Jun 10 18:37:37 blackbird systemd[1]: amdgpu-fan.service: Scheduled restart job, restart counter is at 5.
Jun 10 18:37:37 blackbird systemd[1]: Started amdgpu fan controller.
Jun 10 18:37:37 blackbird amdgpu-fan[27820]: starting amdgpu-fan
Jun 10 18:37:37 blackbird amdgpu-fan[27820]: Traceback (most recent call last):
the amdgpu-fan daemon throws a tantrum because it can no longer talk to the GPU
Jun 10 18:37:38 blackbird steam[2845]: radv/amdgpu: The CS has been cancelled because the context is lost. This context is innocent.
Jun 10 18:37:38 blackbird plasmashell[979]: amdgpu: The CS has cancelled because the context is lost.
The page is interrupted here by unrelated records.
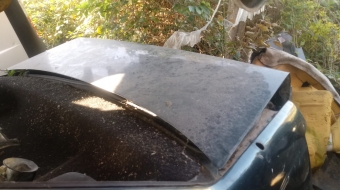 daewoo racer çıkma bagaj kapağı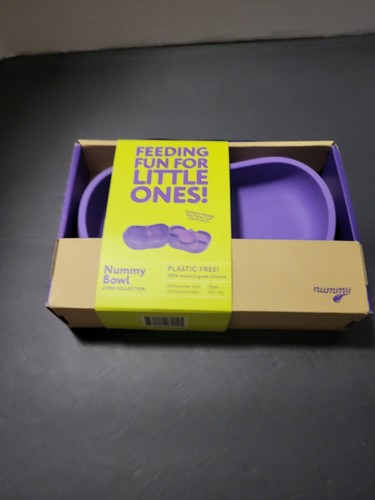 Nummy bowl with suction cup - with,
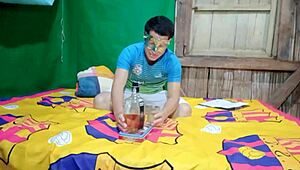 Nevlastná sestrička hrá šachy s erotickými trestami 2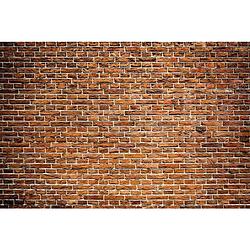 Foto van Dimex old brick vlies fotobehang 375x250cm 5-banen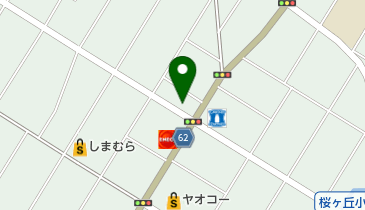 ドリームキッズの地図画像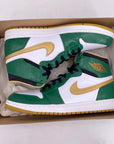 Air Jordan 1 Retro High OG "Celtics" 2013 New Size 10.5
This context is innocent.
Jun 10 18:37:38 blackbird kwin_wayland[737]: kwin_scene_opengl: 0x3: GL_CONTEXT_LOST in context lost
steam, kwin and plasmashell use their resp. GL contexts
Jun 10 18:37:38 blackbird kwin_wayland[737]: kwin_scene_opengl: A graphics reset not attributable to the current GL context occurred.
Jun 10 18:37:41 blackbird systemd-coredump[27830]: Process 979 (plasmashell) of user 1000 dumped core.
kwin complains, plasma crashes.
If you run a basic X11 session (openbox) and steam there:
1. do you face a likewise GPU reset
2. does that also result in the LSD display?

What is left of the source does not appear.